General information
- Type: Ultralight trike
- National origin: India
- Manufacturer: Raj Hamsa Ultralights
- Status: In production (2013)

History
- Manufactured: 1990s-present
- Developed from: Raj Hamsa Clipper

= Raj Hamsa Voyager =

Indian ultralight aircraft

The Raj Hamsa Voyager is an Indian ultralight trike, designed and produced by Raj Hamsa Ultralights since the 1990s. The aircraft is supplied as a complete ready-to-fly-aircraft.

==Design and development==
The Voyager was designed as a cross country derivative of the Raj Hamsa Clipper trainer and complies with the Fédération Aéronautique Internationale microlight category, including the category's maximum gross weight of 450 kg. The aircraft has a maximum gross weight of 360 kg.

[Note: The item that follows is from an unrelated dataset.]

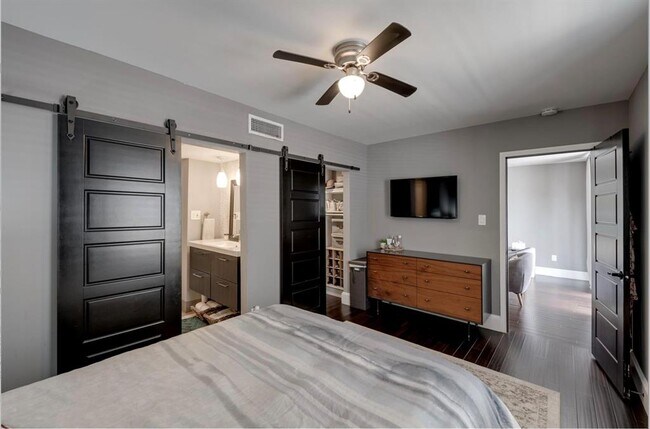 Building Photo - 3401 Timmons Ln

It features a cable-braced hang glider-style high-wing, weight-shift controls, a two-seats-in-tandem open cockpit without a cockpit fairing, tricycle landing gear with optional wheel pants and a single engine in pusher configuration.

The aircraft is made from bolted-together aluminum tubing, with its double surface Raj Hamsa-made wing covered in Dacron sailcloth. Its 10.1 m span wing is supported by a single tube-type aerodynamically faired kingpost and uses an "A" frame weight-shift control bar. The wing is of a smaller area and faster design than the Clipper's wing and is mounted lower on a shorter mast. The landing gear has hydraulic suspension and large diameter wheels, to permit rough field operations. The powerplant is a twin cylinder, air-cooled, two-stroke, dual-ignition 50 hp Rotax 503 engine or the four cylinder, air-cooled, four-stroke, dual-ignition 85 hp Jabiru 2200 engine.

The aircraft has an empty weight of 160 kg and a gross weight of 360 kg, giving a useful load of 200 kg. With full fuel of 70 L the payload is 150 kg.